27 Haziran 2010 Pazar

benide özlermisin istanbul kadar...

snden ne kadar nefret ettiğimi,bi o kadar da sevdiğimi yazarımda
gidiceksin ya tıkanıyorum işte
öyle kalıyorum kelimem beğenmiyo diğer kelimemi
yanyana duramıyolar, siliyorum...
yazılmıo işte

hadi benden gittin de
istanbul
çok sevdiğin en sevdiğin şehirdemi sensiz kalıcak
benide özleyecekmisin istanbul kadar

koskoca istanbula rağmen seni görürüm ümidiyle geçirdiğim boş saatler
sırf olurda karşılaşırsak diye sevdiğin parfümü sıkmam
aynı havayı soluyo olduğumuzu düşünmenin beni rahatlatması
yine kaçtı kelimeler
benden bu kadar....

26 Haziran 2010 Cumartesi

Ben...

içimde sanki başka bir insan daha var seni benden daha çok seven
artık o ben değilim orda filizlenip büyüyen biri daha
iki kişiyi yüklendim sırtıma gidiyorum uzun uzun
bir arpa boyu yol alsam umudum olur bir adım daha atmak için...
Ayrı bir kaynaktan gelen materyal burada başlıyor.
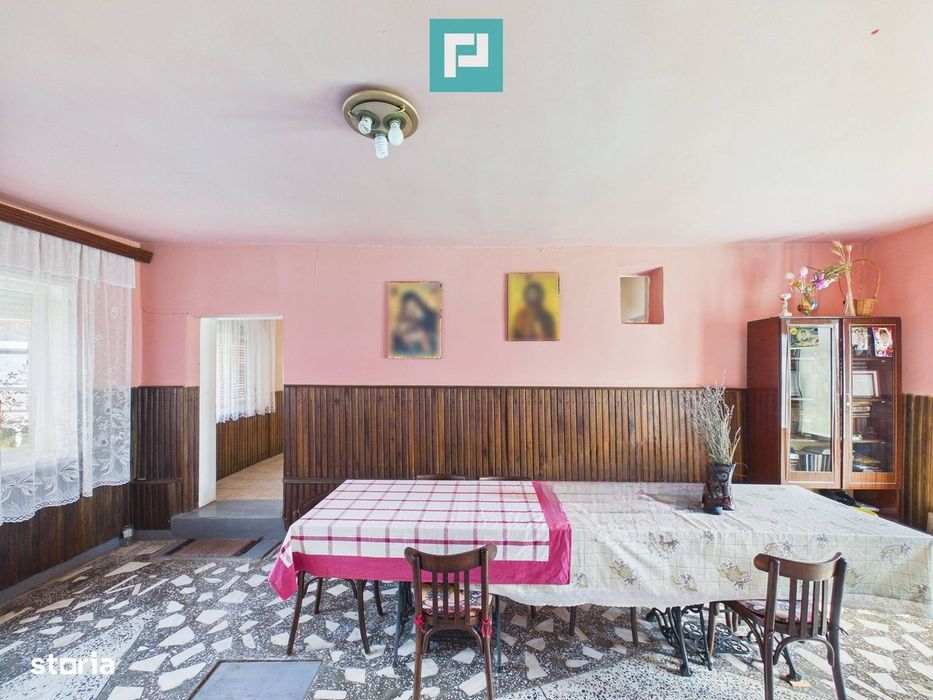 Casă solidă cu 5 camere in localitatea Almaș, Arad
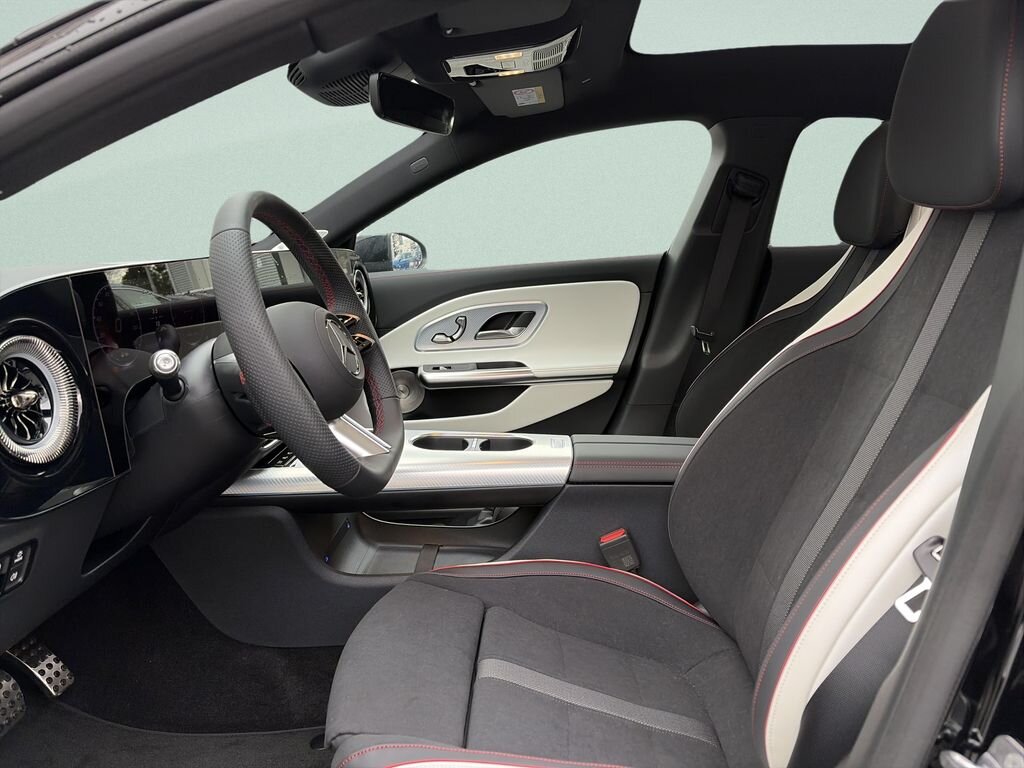 Mercedes-Benz CLA Sedan / Limuzína 1,3 l 120 kw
senin ayakların nereye gidiyor öyle
yüzün burda,aynamda
bana bakışını görüyorum
taktığın masum maskelerini
başkasından aldığın gülümsemeni
çalıntı sözlerini duyuyorum...

bana gelişlerin var sonra
gidişinden endişe duyduğum
gidiceksin çünkü
tüm gelmeler bana gidişleri anımsatır...

sonra yavaş yavaş kaybolursun işte
bile bile ben yine sana koşarım
akıllanmamış,dersimi almamış sayılırım
öyle zannedersin
çok sevdiğimi sanıp daha çok böbürlenirsin kendince

daha dik, daha güvenli durursun karşımda
benim ellerim titrerken, sen bayat espiriler yaparsın
tüm bu aptallıklara karşı hala titrer ellerim

küçümsediğim, dalga geçtiğim insanlar gelir aklıma
acizlikleri, yenilgiyi hazmedemicek kadar küçük oluşları
kendime bir yer açarım
hoşgeldin seni bekliyorduk derler
kendimide küçümseyerek devam ederim kaldığım yerden
ben sizden değilim aslında, hayır ben bu olamam

dünya küçük kalır yanımda
hayallerim küçülür
hiç bir renk yakışmaz yüzüme
giyindiklerim benim değil
ödünç alırım sağdan soldan anlık mutlulukları

kendini biraz daha büyük san diye
küçülürüm sana
yanında yok olucak, fark edilmicek kadar küçük kalırım
aslında böyle olmazdım
hiç olmadım
ben bu değilim...

24 Haziran 2010 Perşembe

kendime kızıyorum
seni sevdiğim için değil
seni sevdiğim için kendime kızmayışıma kızıyorum...

kendime kızsam
kendime kızdığım için küsüyorum kendime

sana kızsam
yoksun ki...

birazım daha kaldı
hadi onuda bitir
...

8 Haziran 2010 Salı

çok...

zaman, en zamansız yanını en zamansız zamanda çıkardı ortaya...
hiç bir düzeni hiç bir sınırı yok
acıması da...
herşeyin ilacı, nereye kayboldun? neden durmuş tüm saatlerim?...
sende kaldım
bana en anlamsız baktığın o dar yerde... tamda orda işte...
sözlerimin noktasıyla birlikte tükendiği
aslında söyleyecek çok sözün biriktiği ama boğazımda düğümlendiği, yavaş yavaş renklerin benden kaçıştığı,yerini küllere bıraktığı yerde...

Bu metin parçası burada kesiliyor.